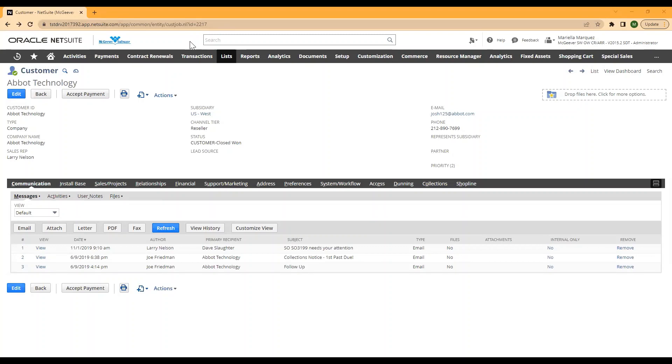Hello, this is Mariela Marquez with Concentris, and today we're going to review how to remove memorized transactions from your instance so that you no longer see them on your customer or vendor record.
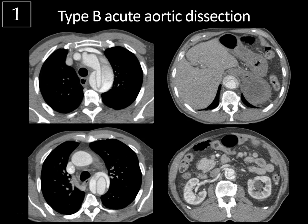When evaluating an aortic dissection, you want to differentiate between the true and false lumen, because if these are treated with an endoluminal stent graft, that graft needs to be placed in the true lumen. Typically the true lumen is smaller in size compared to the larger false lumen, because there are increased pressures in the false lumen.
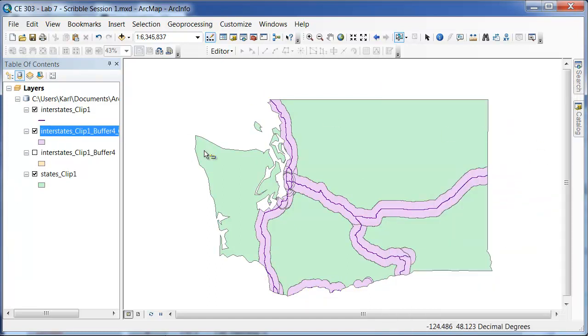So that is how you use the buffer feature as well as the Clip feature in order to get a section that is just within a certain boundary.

• • • • •

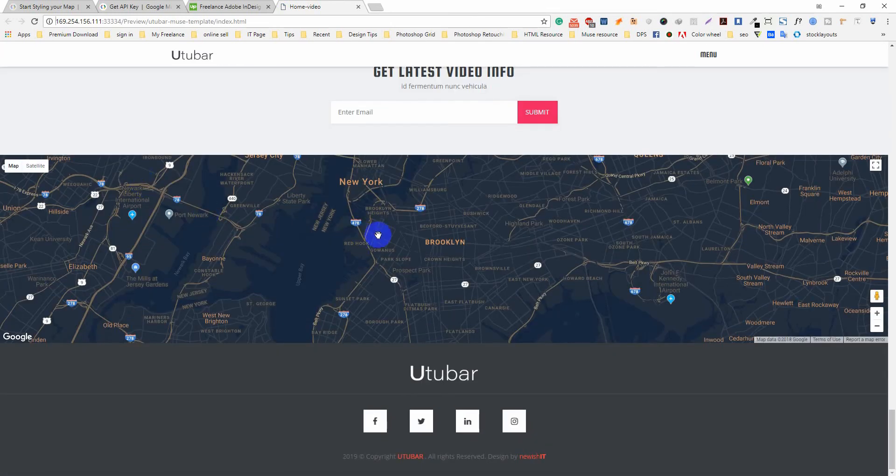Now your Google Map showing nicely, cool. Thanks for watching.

• • • • •

Which part of the entries opens with the line containing "Hello, this is" and closes with the line containing "So that is how"? Output that part exactly, ends included, pictures excluded.

» **REPLY TO THE TASK**
Hello, this is Mariela Marquez with Concentris, and today we're going to review how to remove memorized transactions from your instance so that you no longer see them on your customer or vendor record.
When evaluating an aortic dissection, you want to differentiate between the true and false lumen, because if these are treated with an endoluminal stent graft, that graft needs to be placed in the true lumen. Typically the true lumen is smaller in size compared to the larger false lumen, because there are increased pressures in the false lumen.
So that is how you use the buffer feature as well as the Clip feature in order to get a section that is just within a certain boundary.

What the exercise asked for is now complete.